Unnamed: 0,Name,City,Work Status
0,Jane,SF,No
1,John,NY,Yes
2,Cathy,Columbus,Yes
3,Rob,Austin,Yes


In [23]:
pd.merge(dataset1, dataset2, on='Name', how='inner')

Unnamed: 0,Name,Age,Sex,State,City,Work Status
0,Jane,32,F,CA,SF,No
1,John,26,M,NY,NY,Yes
2,Cathy,29,F,OH,Columbus,Yes


This now means that we have the data from both datasets together.  This contains only those rows that have common labels in both DataFrames Next we will carry out the outer merge. 

In [24]:
pd.merge(dataset1, dataset2, on='Name', how='left')

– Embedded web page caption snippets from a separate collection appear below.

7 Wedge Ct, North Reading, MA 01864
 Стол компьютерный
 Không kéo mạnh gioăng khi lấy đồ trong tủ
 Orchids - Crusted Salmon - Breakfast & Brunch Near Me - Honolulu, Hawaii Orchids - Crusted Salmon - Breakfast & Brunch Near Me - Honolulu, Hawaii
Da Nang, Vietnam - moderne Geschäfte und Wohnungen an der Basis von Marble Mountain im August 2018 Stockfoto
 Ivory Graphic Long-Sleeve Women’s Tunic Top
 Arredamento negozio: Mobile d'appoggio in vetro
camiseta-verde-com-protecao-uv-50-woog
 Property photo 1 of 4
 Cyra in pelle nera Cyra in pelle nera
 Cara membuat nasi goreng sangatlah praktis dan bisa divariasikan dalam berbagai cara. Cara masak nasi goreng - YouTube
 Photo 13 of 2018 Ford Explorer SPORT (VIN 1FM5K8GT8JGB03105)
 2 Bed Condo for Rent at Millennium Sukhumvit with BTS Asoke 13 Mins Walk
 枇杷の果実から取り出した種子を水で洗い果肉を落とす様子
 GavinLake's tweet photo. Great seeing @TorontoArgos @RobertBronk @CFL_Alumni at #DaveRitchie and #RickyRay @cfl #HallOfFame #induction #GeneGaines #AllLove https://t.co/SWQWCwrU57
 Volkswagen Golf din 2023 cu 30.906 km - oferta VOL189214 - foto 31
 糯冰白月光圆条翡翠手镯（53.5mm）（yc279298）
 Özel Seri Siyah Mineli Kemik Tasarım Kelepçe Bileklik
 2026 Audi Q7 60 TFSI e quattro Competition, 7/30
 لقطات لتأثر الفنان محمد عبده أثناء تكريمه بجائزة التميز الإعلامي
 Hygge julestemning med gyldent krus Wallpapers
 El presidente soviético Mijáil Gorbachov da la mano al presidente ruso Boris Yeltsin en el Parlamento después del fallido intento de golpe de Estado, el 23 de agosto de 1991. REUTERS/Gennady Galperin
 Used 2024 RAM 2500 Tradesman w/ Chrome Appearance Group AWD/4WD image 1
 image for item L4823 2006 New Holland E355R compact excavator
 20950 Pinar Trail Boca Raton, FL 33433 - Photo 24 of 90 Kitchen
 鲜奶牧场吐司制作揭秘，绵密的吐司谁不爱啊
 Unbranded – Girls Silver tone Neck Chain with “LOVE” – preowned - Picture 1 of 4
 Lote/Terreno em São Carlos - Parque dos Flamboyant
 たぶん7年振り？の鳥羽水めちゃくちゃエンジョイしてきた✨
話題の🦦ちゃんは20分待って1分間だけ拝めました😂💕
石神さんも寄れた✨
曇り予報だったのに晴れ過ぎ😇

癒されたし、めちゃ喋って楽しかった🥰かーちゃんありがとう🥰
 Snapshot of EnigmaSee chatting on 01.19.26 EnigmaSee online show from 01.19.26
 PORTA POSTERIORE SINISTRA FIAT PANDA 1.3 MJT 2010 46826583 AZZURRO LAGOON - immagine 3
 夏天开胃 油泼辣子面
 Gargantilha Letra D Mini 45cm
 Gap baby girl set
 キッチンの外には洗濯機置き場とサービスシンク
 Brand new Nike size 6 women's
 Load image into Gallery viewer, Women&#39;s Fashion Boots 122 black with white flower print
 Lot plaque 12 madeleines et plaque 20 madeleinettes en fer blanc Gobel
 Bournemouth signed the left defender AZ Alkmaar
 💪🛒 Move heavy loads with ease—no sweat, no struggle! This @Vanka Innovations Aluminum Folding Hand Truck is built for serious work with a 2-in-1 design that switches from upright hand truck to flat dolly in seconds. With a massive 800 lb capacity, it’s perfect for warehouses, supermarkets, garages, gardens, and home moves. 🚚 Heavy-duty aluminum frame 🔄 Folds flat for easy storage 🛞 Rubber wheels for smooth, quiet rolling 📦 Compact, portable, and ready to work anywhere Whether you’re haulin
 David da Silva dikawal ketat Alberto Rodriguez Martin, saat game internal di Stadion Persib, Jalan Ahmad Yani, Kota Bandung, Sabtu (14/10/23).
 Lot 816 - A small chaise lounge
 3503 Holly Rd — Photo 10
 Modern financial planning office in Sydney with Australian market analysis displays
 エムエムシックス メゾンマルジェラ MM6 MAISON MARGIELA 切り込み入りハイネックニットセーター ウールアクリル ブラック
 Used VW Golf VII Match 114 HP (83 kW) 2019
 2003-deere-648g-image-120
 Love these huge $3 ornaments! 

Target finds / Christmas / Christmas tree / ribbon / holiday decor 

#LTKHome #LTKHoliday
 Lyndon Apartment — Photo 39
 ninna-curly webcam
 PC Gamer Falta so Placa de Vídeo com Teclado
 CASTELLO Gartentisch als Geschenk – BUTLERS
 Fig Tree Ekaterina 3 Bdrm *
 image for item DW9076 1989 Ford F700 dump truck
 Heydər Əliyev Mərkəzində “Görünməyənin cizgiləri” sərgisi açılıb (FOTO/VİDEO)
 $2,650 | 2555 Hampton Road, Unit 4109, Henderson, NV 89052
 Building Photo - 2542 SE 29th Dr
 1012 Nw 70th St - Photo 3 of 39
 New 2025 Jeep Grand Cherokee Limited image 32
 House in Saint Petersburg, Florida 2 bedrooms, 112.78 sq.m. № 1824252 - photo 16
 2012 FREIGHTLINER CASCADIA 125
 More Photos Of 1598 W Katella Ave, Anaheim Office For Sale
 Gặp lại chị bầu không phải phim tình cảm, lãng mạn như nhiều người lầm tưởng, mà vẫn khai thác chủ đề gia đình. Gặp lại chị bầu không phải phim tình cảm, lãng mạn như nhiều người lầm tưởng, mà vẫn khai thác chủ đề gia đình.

Unnamed: 0,Name,Age,Sex,State,City,Work Status
0,Jane,32,F,CA,SF,No
1,John,26,M,NY,NY,Yes
2,Cathy,29,F,OH,Columbus,Yes
3,Sarah,23,F,TX,,


The result of this operation is that the rows which are in both datasets as well as rows only present in the first dataset will be retained. Rows that exist int he second dataset only will be discarded.

In [25]:
pd.merge(dataset1, dataset2, on='Name', how='right')

Unnamed: 0,Name,Age,Sex,State,City,Work Status
0,Jane,32.0,F,CA,SF,No
1,John,26.0,M,NY,NY,Yes
2,Cathy,29.0,F,OH,Columbus,Yes
3,Rob,,,,Austin,Yes


To retain everything we do a full outer merge.

In [26]:
pd.merge(dataset1, dataset2, on='Name', how='outer')

Unnamed: 0,Name,Age,Sex,State,City,Work Status
0,Jane,32.0,F,CA,SF,No
1,John,26.0,M,NY,NY,Yes
2,Cathy,29.0,F,OH,Columbus,Yes
3,Sarah,23.0,F,TX,,
4,Rob,,,,Austin,Yes


This now contains all the rows, irrespective of whether they exist in one dataset or another or both , even for the columns which have no values and are marked as NaN.